VF: Larry’s book sort of reminded me of… and I kinda had this in mind when I was writing mine [Like a Dog]; did you ever read that book Rivethead?

BM: Yes, yes, I did.

VF: Ben Hamper.

BM: Yeah, I remember that.

VF: I mean it was funny and it was work stories and it had commentary. I just remember that book fondly as being a pretty smart and funny book.

BM: Well, flash forward five years there was a young man in our town, an actor, and I met him somehow and he had a book that he was about working on about Lee Iacocca. And he has a brother who has managed a hotdog stand around here, called Yocco’s. They’re kind of famous. They’re not very good, but they're famous. This guy [Billy Ehrlacher] he worked there and he did this Candide-like book about working for a small family company where everything was incestuous and a little corrupt [Tales From the Hot Dog Grill]. It was fiction, supposedly, but I think a lot of it was true and very funny. The minute it came out, he was fired [laughs].

VF: [laughs] Just coincidentally?

BM: The guy said, “I heard you wrote a book about us.” He was fired on the spot.

VF: Well, I mean, I hope he landed in something better.

BM: I think he's writing another book.

VF: Well then, no. He has not landed on something better. He’s a writer now, so he's into something much worse [laughs.] We should talk a bit more about Blue Heron.
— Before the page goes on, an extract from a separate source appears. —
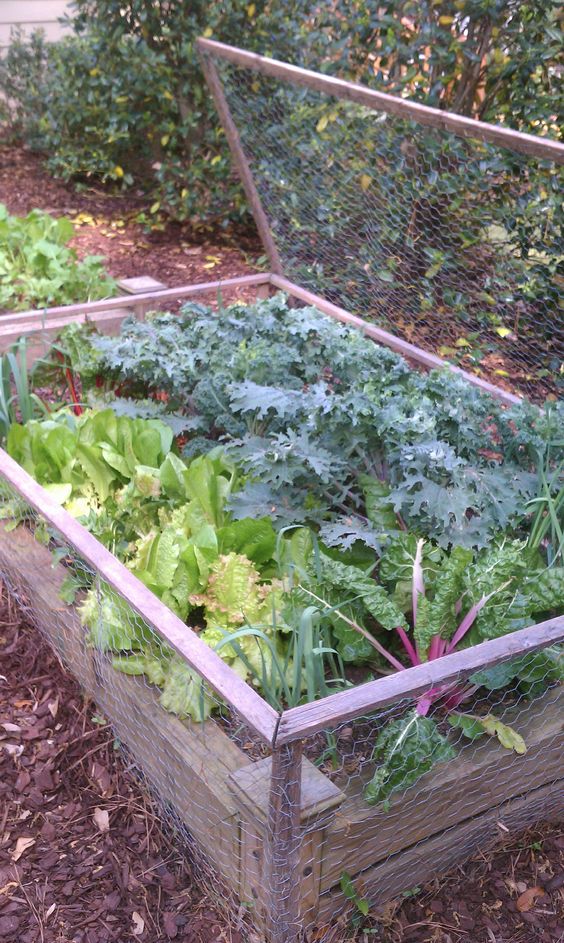 How to Make a Raised Garden Bed in Easy Steps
You’ve put out some interesting books. Not all of them alike. I've only looked at some of them. Obviously, I know my two books, but I’ve read Misdemeanor Outlaw by Jim McGarrah. And I know you also have a bunch that I’ve been meaning to pick up. There's a pretty varied list. It doesn't feel necessarily like you’re lacking a singular vision or aesthetic or anything; it seems like more like you’re open to a lot of things. Is there any kind of idea behind that?

BM: Yeah, I really want people who might not have a big audience. I mean, the thing now in publishing, and also in the movie and TV industry… they want to know what your numbers are. They want to see how many did you sell before, how many followers do you have on social media. That’s a big thing, and who’s going to buy this? Who’s going to know about it? But I find a lot of stories are kind of ordinary. I know how they’re going to end, and I just want to be surprised. I want a different story, you know. It’s like I always say, I don't want any abuse stories. I don’t like abuse stories unless you were abused and then joined the circus to get over it. Then I want to know what you did. I want to know about lived lives, because that’s interesting, and it’s interesting to people because everybody wants to know what other people are doing. Like your book, Like a Dog, those are wonderful work stories. I’ve never worked in a bookshop. And I’ve certainly never worked in a mail-sorting room. I’ve had worse jobs… 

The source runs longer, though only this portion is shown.